Medlantic and Merrill first maintain that Barbour failed to establish a prima facie case of discrimination because he did not demonstrate that he was qualified for the Director's position. They also argue that, even assuming Barbour established a prima facie case, the evidence of legitimate nondiscriminatory reasons for not hiring him was overwhelming. We disagree.
Although defendants argue that Barbour was not qualified because he lacked significant private-sector experience, the jury reasonably could have determined, from the evidence before it, including the original job description and the fact that Barbour progressed to the final round of interviews, that Barbour was qualified and that private sector experience was not an absolute prerequisite. Similarly, after hearing testimony about Barbour's background and experience, about Merrill's assessments of Barbour's abilities, and about Medlantic's decision to hire Shoup notwithstanding his lack of the educational prerequisites Medlantic initially described as required for the job, the jury reasonably could have rejected Medlantic's proffered nondiscriminatory reasons for not hiring Barbour.
As Medlantic and Merrill next argue, however, this was not enough. In light of the Supreme Court's recent decision in St. Mary's Honor Ctr. v. Hicks, 509 U.S. 502, 113 S.Ct. 2742, 125 L.Ed.2d 407 (1993), the jury must also have reasonably concluded that the proffered nondiscriminatory reasons were a pretext for discrimination against Barbour. See id. at ----, 113 S.Ct. at 2752. But Medlantic and Merrill misconstrue the impact of this requirement, claiming as the central argument of their appeal that because Barbour “failed to introduce even a shred of evidence that even remotely suggests that race played a role” in his rejection, the jury could not have reached this conclusion and therefore the district court improperly denied their motion for judgment as a matter of law. As Hicks explained, a factfinder's rejection of the employer's nondiscriminatory reasons, while not sufficient to compel a finding of discrimination, nonetheless suffices to permit such a finding. Id. at ----, 113 S.Ct. at 2749. According to Hicks, a plaintiff need only establish a prima facie case and introduce evidence sufficient to discredit the defendant's proffered nondiscriminatory reasons; at that point, the factfinder, if so persuaded, may infer discrimination. Id.
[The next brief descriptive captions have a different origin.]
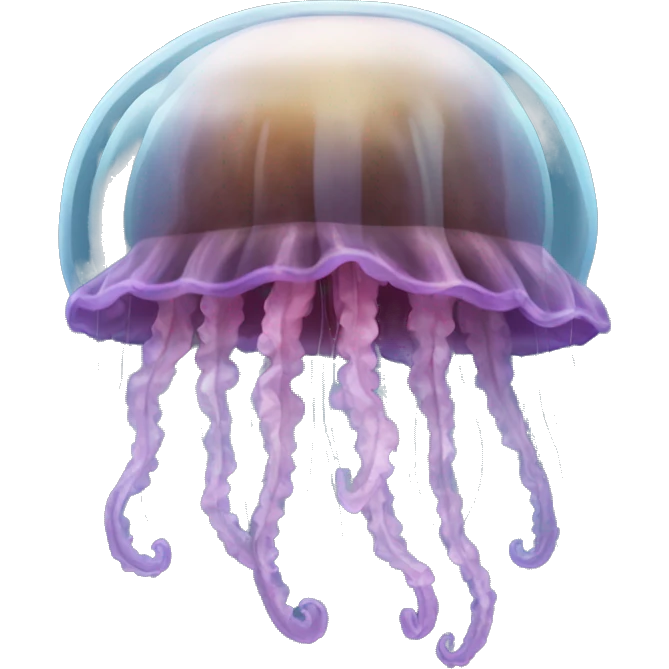 Realistic Jellyfish emoji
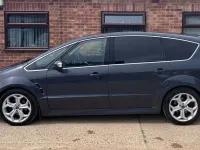 Used Ford S-MAX Titanium X 200 HP (147 kW) 2012 Grey MPV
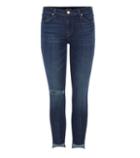 J Brand Low-rise Cropped Jeans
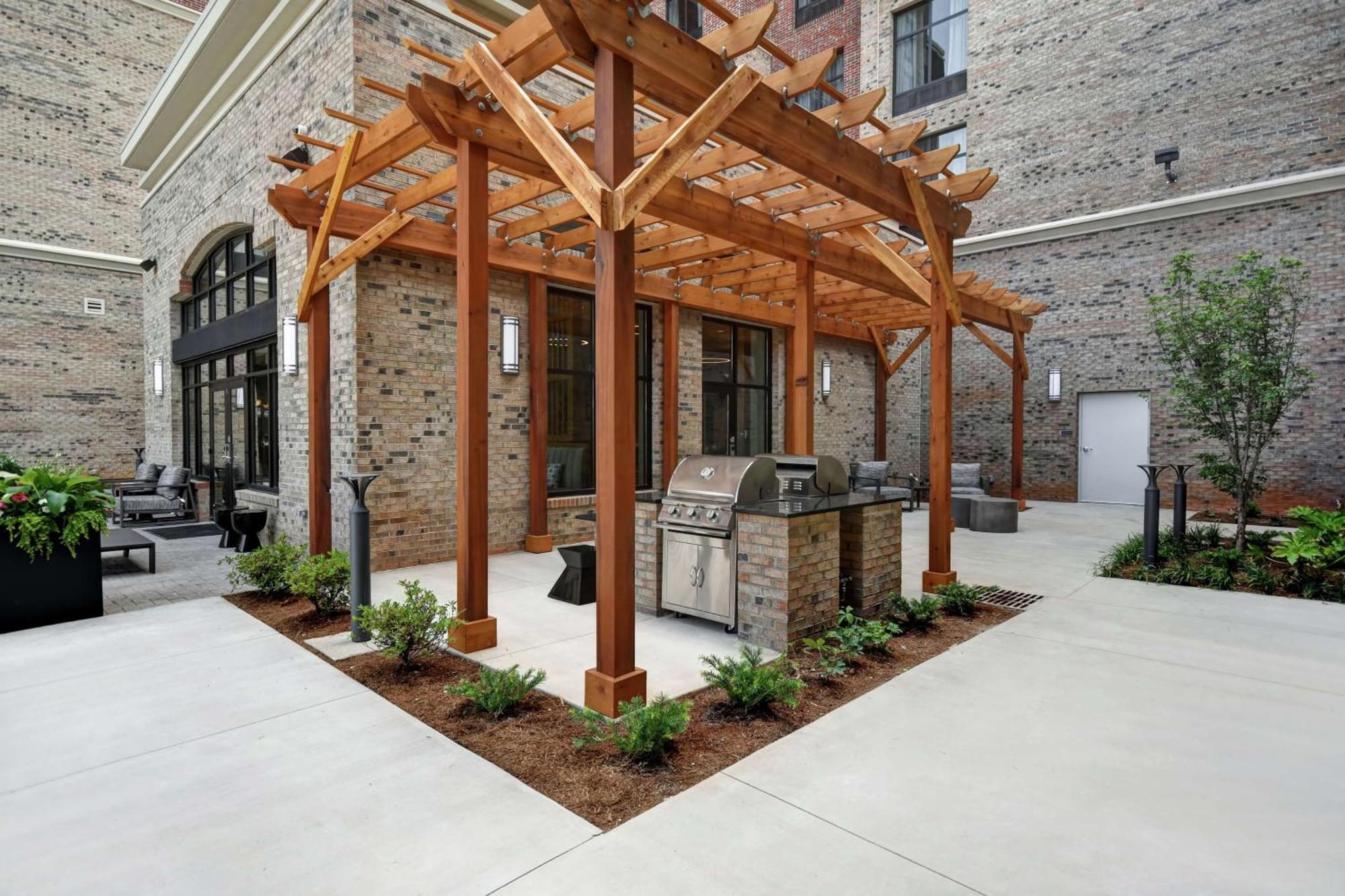 Homewood Suites By Hilton Greenville Downtown Εξωτερικό φωτογραφία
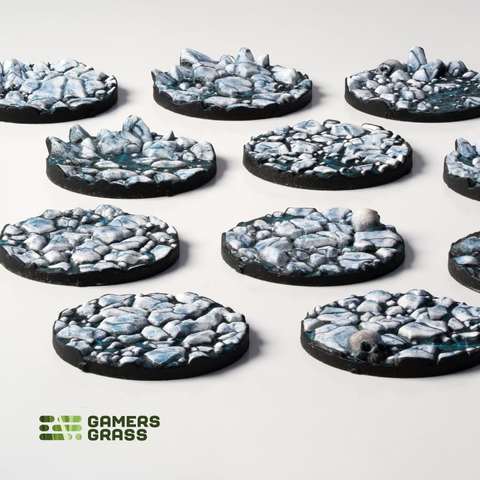 Frost Lake - Round 25mm (x12)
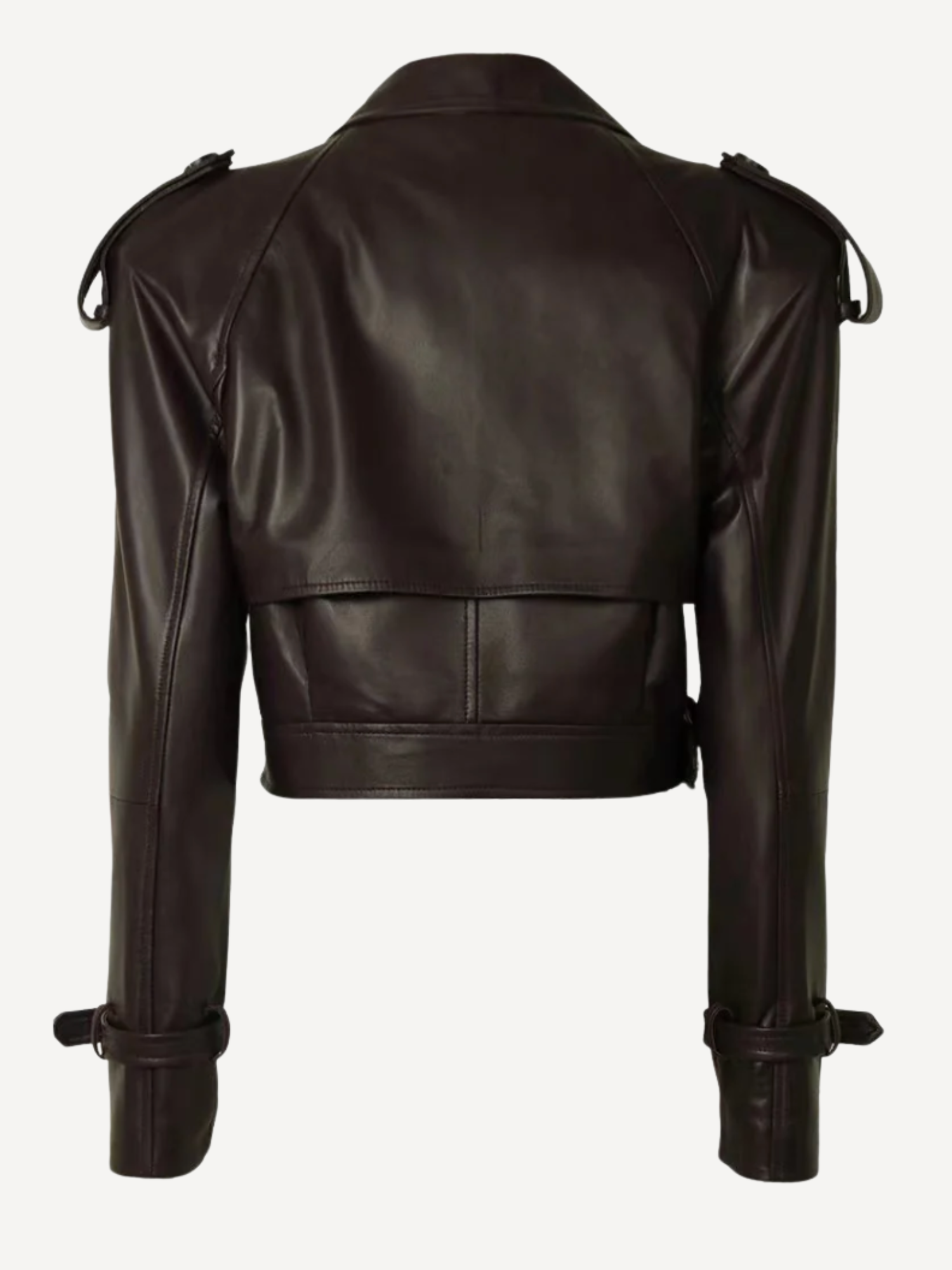 JOJO Leather Shorty Jacket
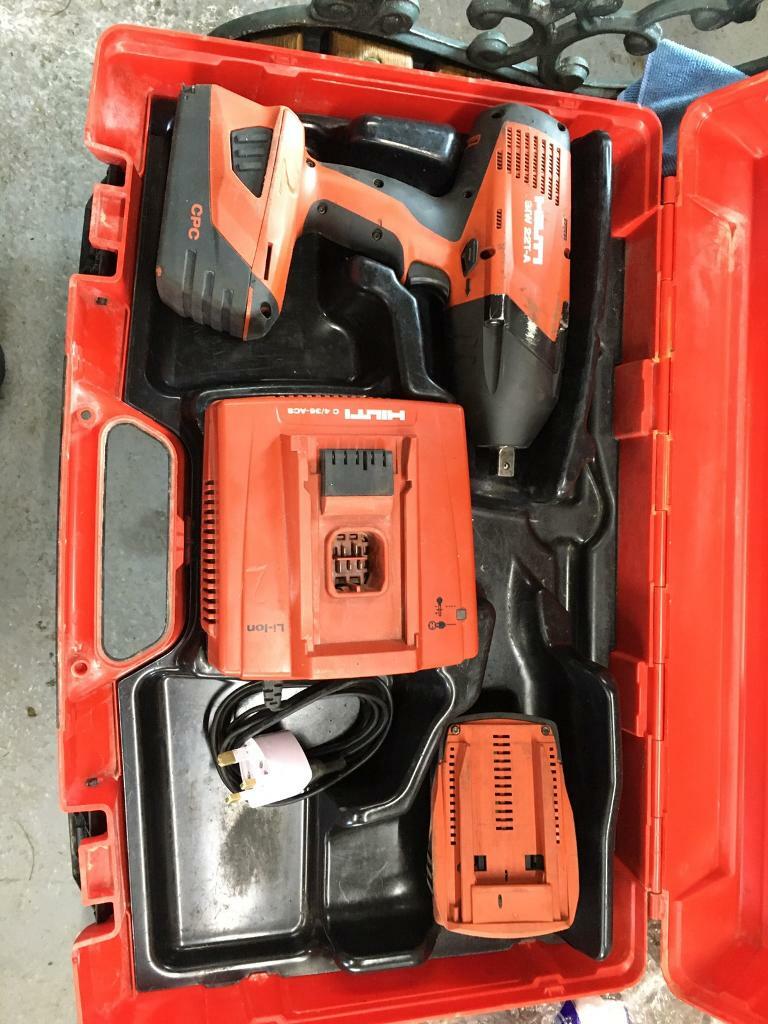 Hilti impact wrench in Glasgow Gumtree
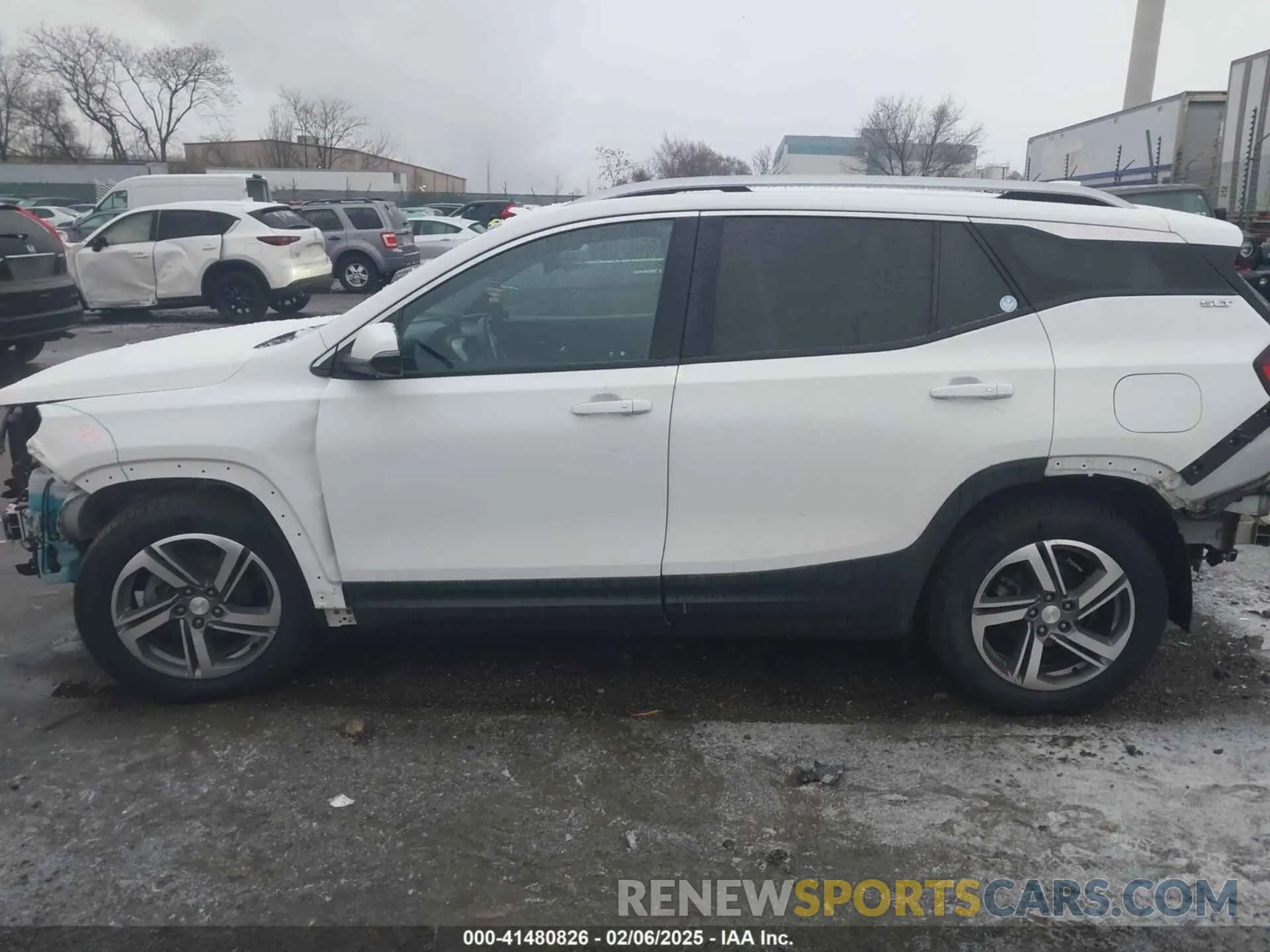 14 Photograph of a damaged car 3GKALPEV8KL242778 GMC TERRAIN 2019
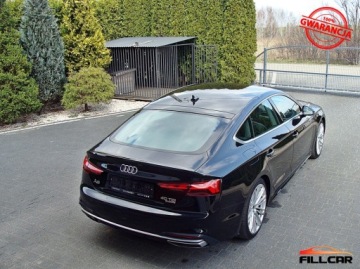 Audi A5 F5 Sportback Facelifting 2.0 40 TDI 204KM 2022 Audi A5 Sportback 40TDI 204KM QUATTRO Virtual Cockpit Klimatronik Serwis M, zdjęcie 30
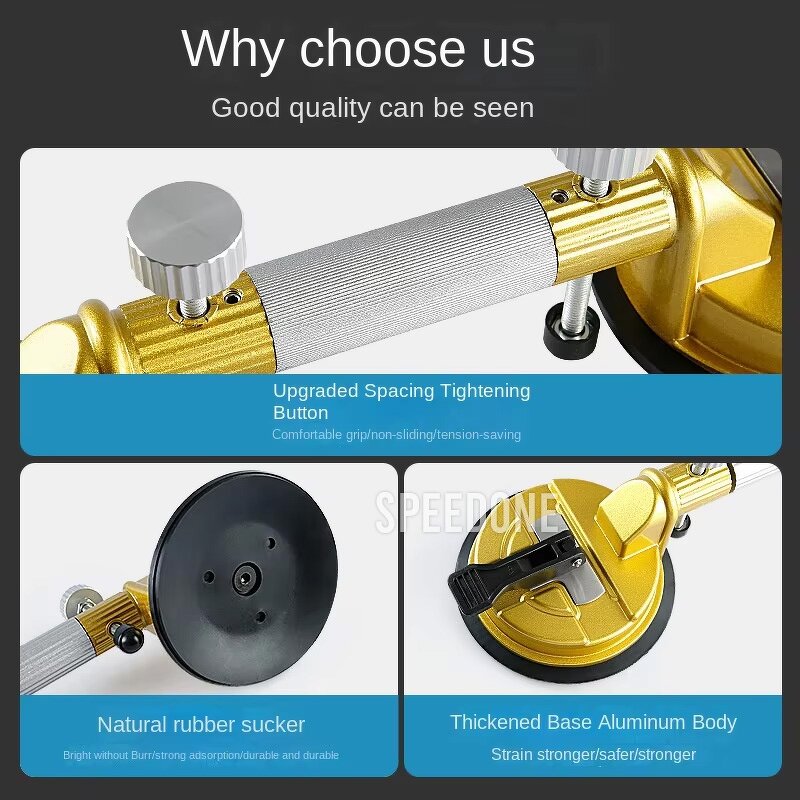 Tile Leveling System Factory - Rock Plate Suction Cup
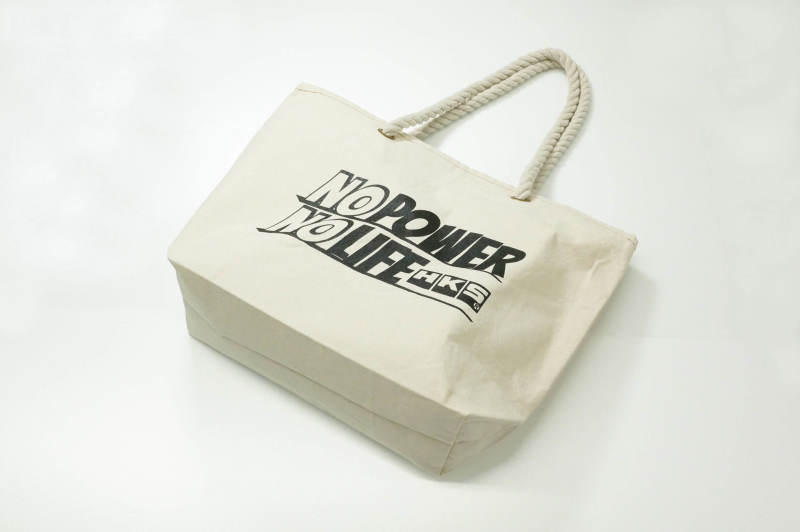 HKS No Power No Life Canvas Tote Bag 51007-AK310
Although the Supreme Court issued Hicks after the proceedings below, the district court's jury instruction accorded entirely with the principles set forth in that case. The instruction, to which the defendants did not object, read: “The ultimate burden of persuading the jury that the defendants intentionally discriminated against the plaintiff remains at all times with Mr. Barbour.” Thus, we must assume that the jury properly evaluated the evidence in reaching a conclusion that Hicks makes clear was within its discretion. Because Barbour introduced sufficient evidence for the jury to conclude both that he had proven a prima facie case of discrimination and that Medlantic's proffered reasons were pretextual, the jury could have reasonably concluded that Barbour had proven unlawful discrimination. While we need not speculate about the jury's reasoning, we note that it could have inferred that Medlantic changed its criteria for the second search to disadvantage or even to exclude Barbour, and, in light of Barbour's prima facie case, that Medlantic did so because of Barbour's race. The district court properly denied defendants' motion for judgment as a matter of law on this issue, and we affirm the jury's finding of discrimination under section 1981 and its accompanying award of compensatory damages.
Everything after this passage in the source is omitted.